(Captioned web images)
#####

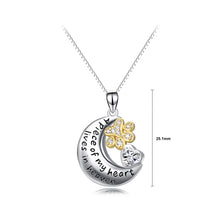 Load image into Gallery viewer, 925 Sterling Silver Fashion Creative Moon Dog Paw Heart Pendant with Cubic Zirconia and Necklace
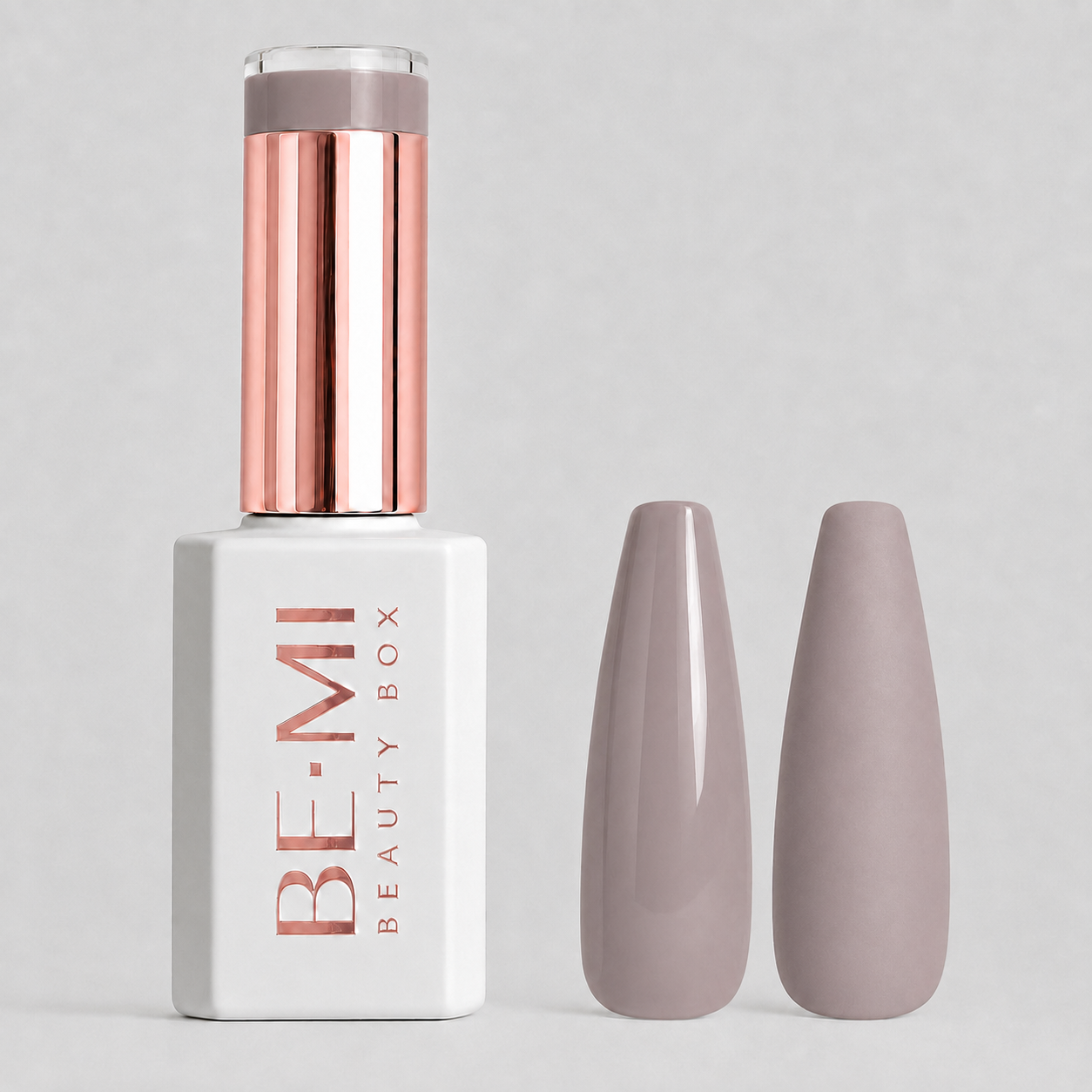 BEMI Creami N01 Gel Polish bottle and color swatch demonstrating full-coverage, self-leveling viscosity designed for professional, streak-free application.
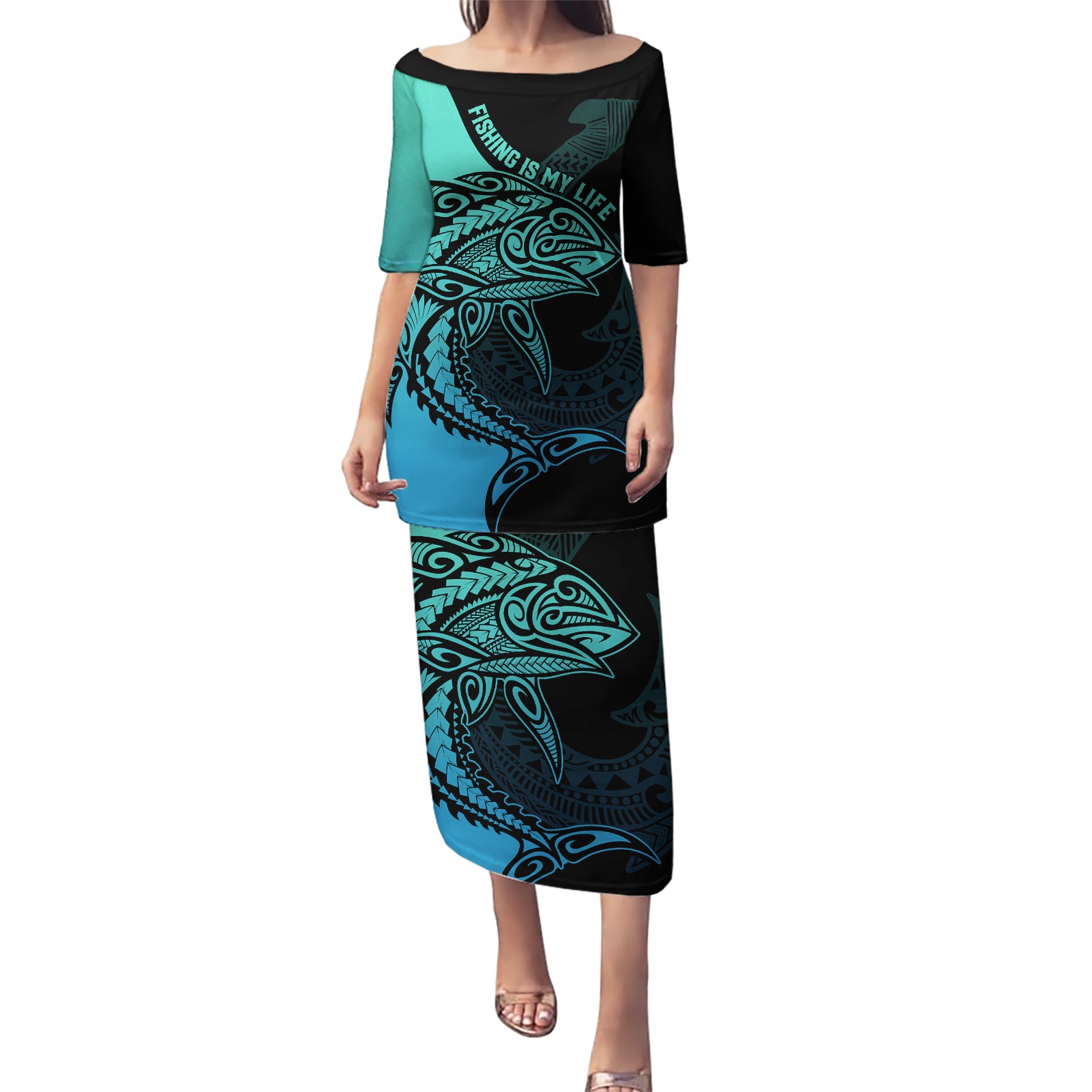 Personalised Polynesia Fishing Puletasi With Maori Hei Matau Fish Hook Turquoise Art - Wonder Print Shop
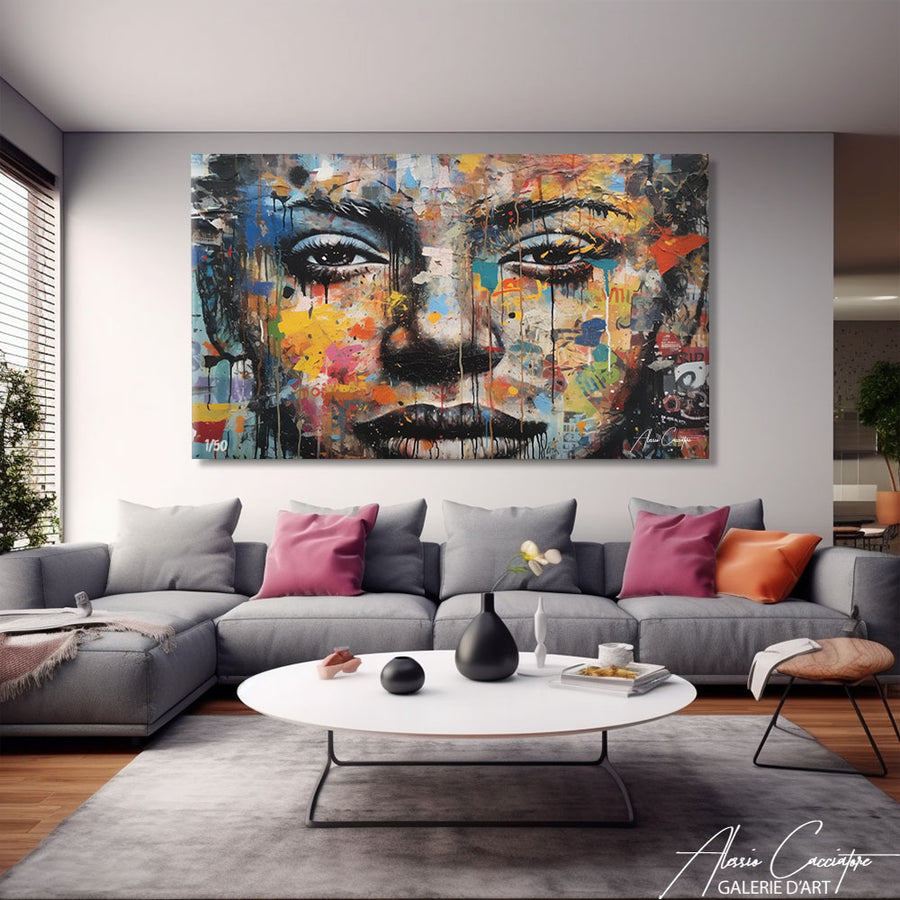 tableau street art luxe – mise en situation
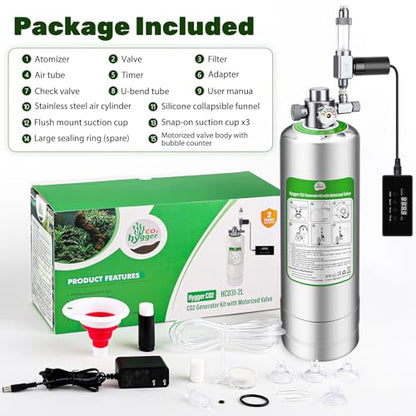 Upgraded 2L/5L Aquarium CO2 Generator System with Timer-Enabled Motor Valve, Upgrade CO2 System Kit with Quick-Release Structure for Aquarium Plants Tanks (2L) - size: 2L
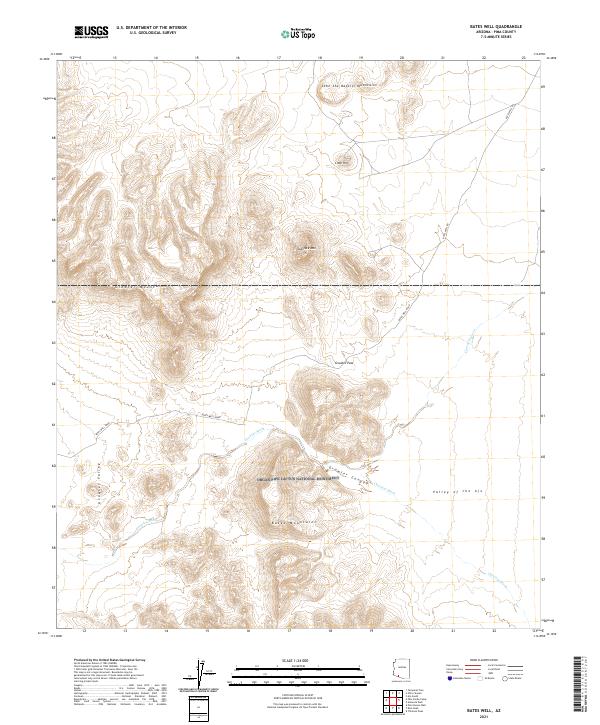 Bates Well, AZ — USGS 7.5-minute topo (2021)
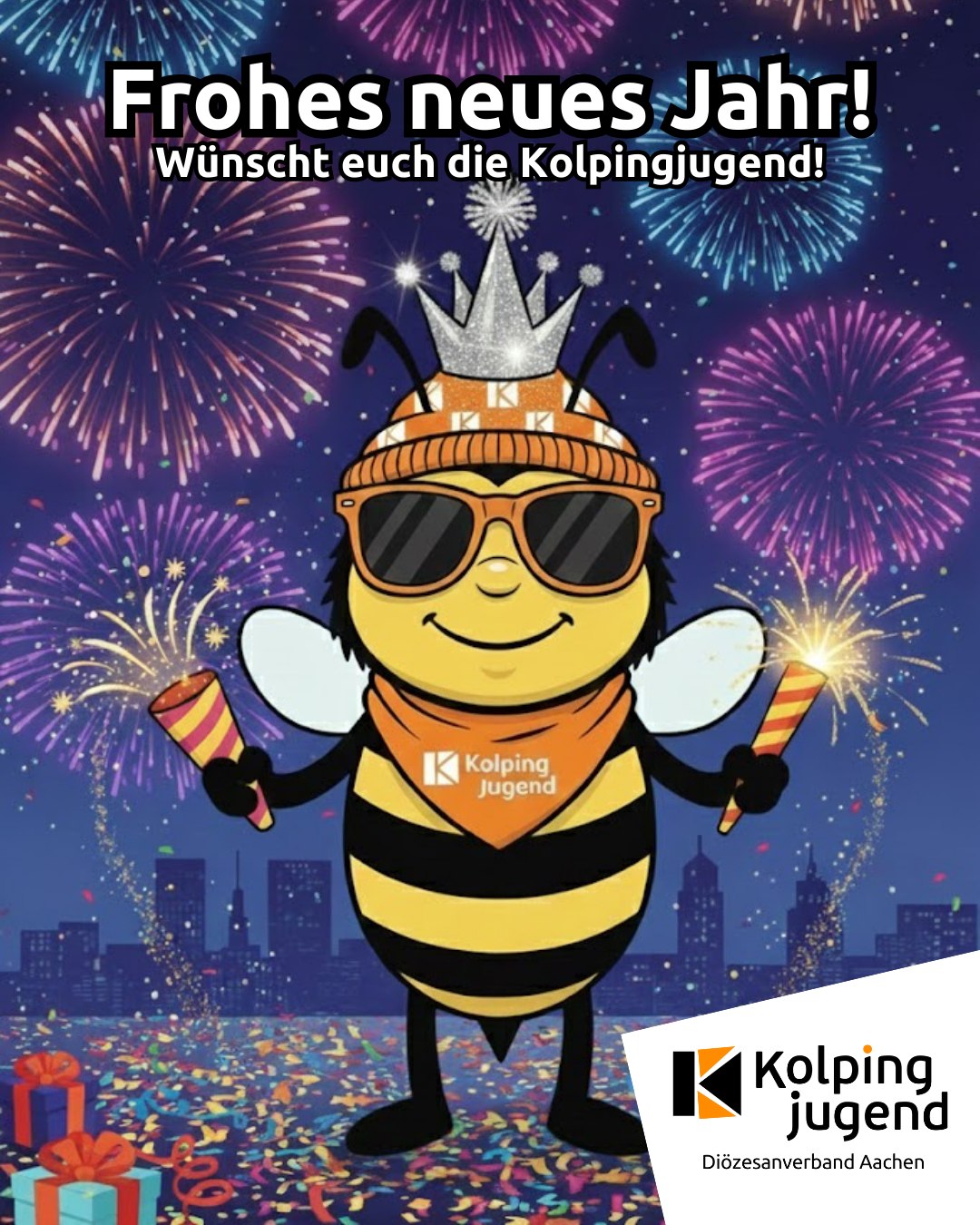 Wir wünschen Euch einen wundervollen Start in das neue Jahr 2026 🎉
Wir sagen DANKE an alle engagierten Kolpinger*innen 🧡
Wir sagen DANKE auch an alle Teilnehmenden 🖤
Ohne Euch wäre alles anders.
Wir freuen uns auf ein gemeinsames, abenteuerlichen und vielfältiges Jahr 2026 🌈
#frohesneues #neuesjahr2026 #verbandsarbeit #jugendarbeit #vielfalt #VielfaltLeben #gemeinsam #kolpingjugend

#####

**Required work**: Pull every line containing "sagen" from the data.

**Response to this task**:
Wir sagen DANKE an alle engagierten Kolpinger*innen 🧡
Wir sagen DANKE auch an alle Teilnehmenden 🖤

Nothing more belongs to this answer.